Tax planning is an important step in finalizing a divorce agreement. Here are some issues divorcing couples may want to consider.
What’s in a Name?
Alimony and child support both involve one spouse making payments to the other, but that’s where the similarity ends. Alimony payments are tax deductible to the payer and taxable to the recipient. Child support is not deductible and can be received tax free.
Dependent — or Not?
Generally, the custodial parent claims the dependency exemption, although couples can make other arrangements. Parents with more than one child may decide to split the exemptions between them. Parents might also decide to alternate claiming the exemption.
Who Gets the Credit?
The parent who claims the child as a dependent typically is entitled to claim tax credits such as the child tax credit and the credit for higher education expenses.

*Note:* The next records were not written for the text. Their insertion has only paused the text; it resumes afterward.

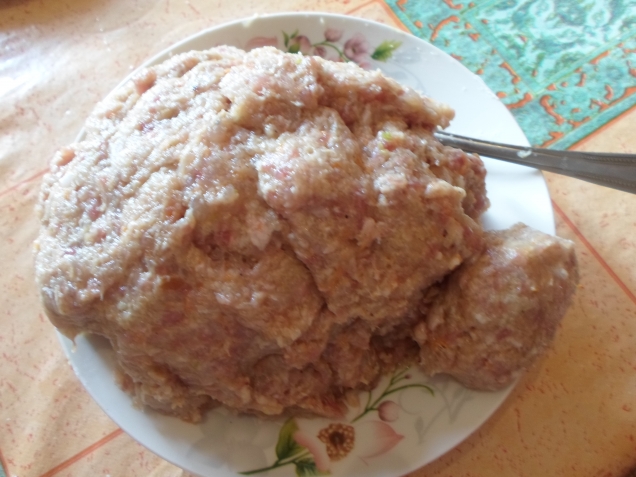 Зразы мясные с плавленным сыром и пикантный морковно-яблочный салат.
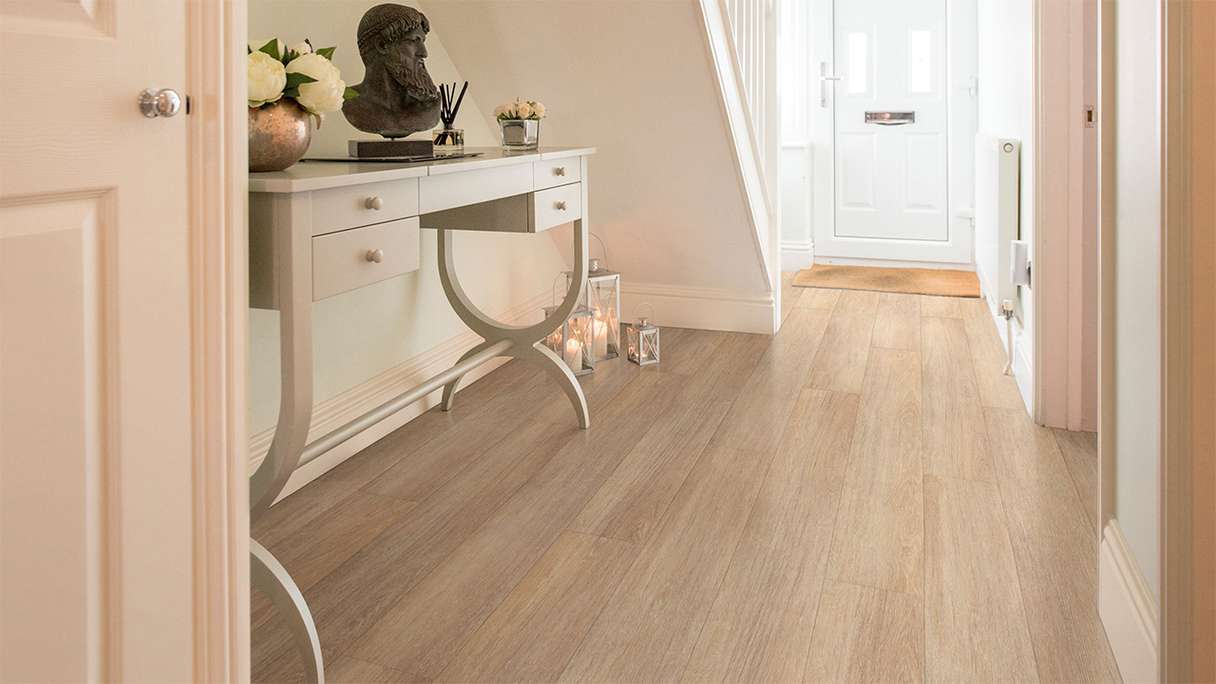Forbo Enduro adhesive vinyl - Golden Oak (69120DR3)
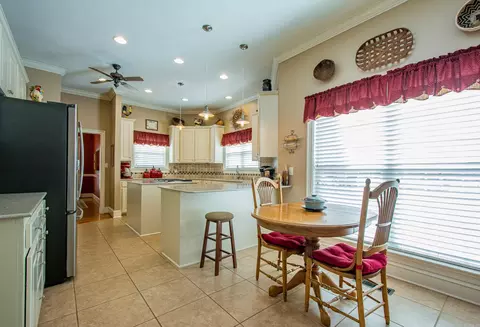 Kitchen - 3006 David O Young Rd, Benton, AR 72019 photo 1 of 4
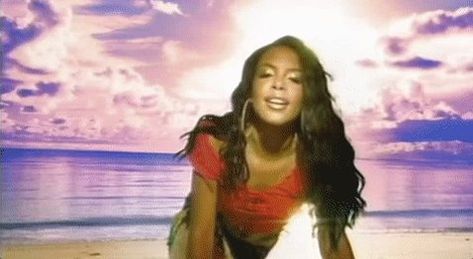 Aaliyah Rock The Boat, Aaliyah Singer, Rap Song Quotes, Aaliyah And Tupac, Rock The Boat, Aaliyah Pictures, Celebrities Who Died, Aaliyah Style, Aaliyah Haughton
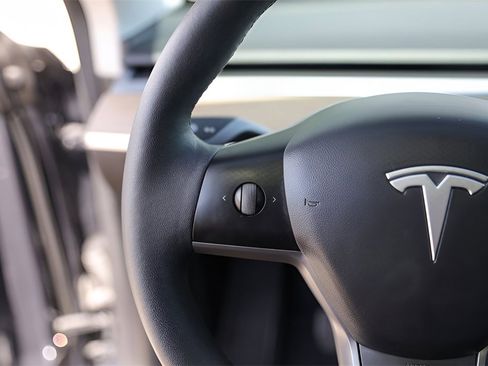 Used 2022 Tesla Model Y Long Range image 13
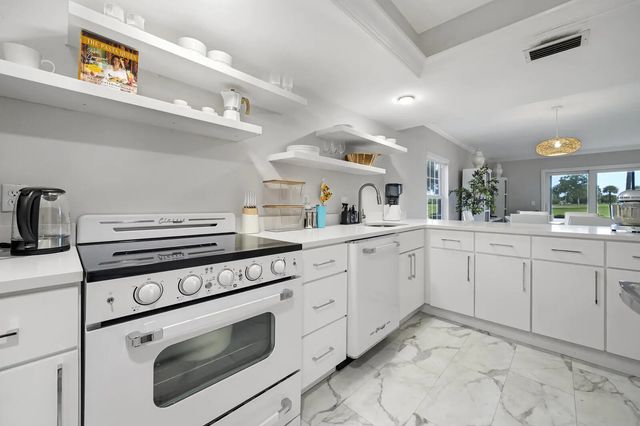 2 of 23 - 9169 Se Riverfront Terrace #j, Jupiter, FL
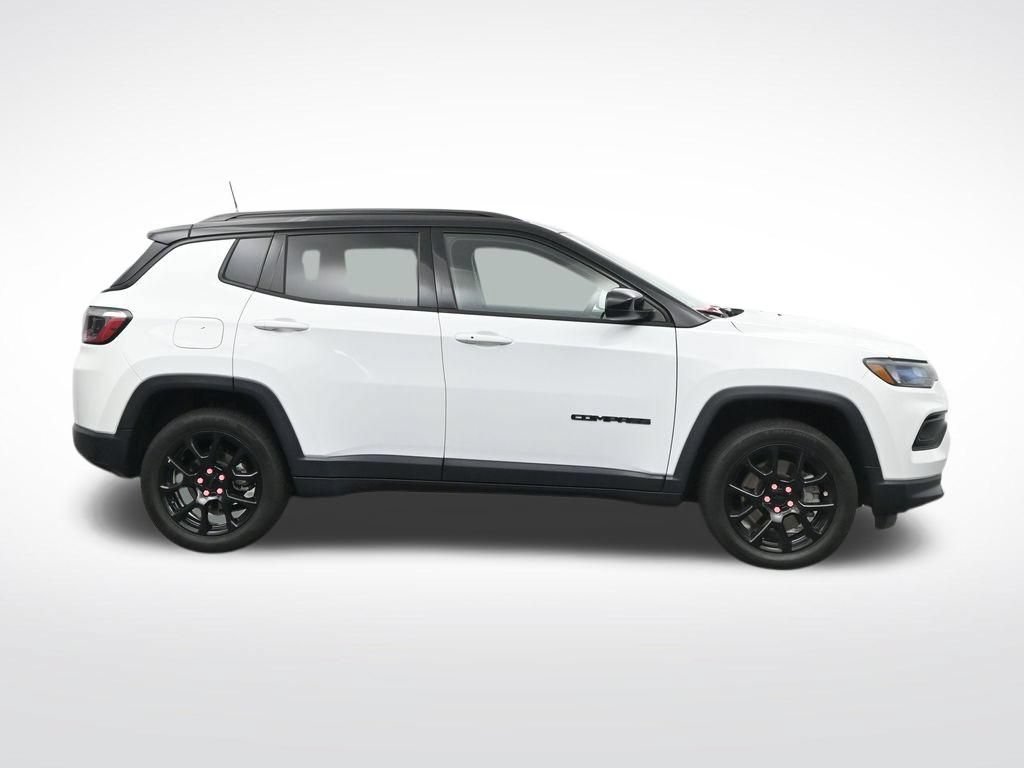 Used 2023 Jeep Compass Latitude AWD/4WD image 4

However, a custodial parent paying work-related child care expenses can claim the child care tax credit even if the other parent claims the dependency exemption.
Assets To Transfer?
No taxes are owed on the transfer of assets between spouses. However, when dividing assets, it’s important to consider how taxes, such as capital gains, may come into play in the future.
How About Retirement Benefits?
Where retirement plan benefits have been made payable to a former spouse under a court-issued qualified domestic relations order (QDRO), subsequent distributions will be taxable to the former spouse.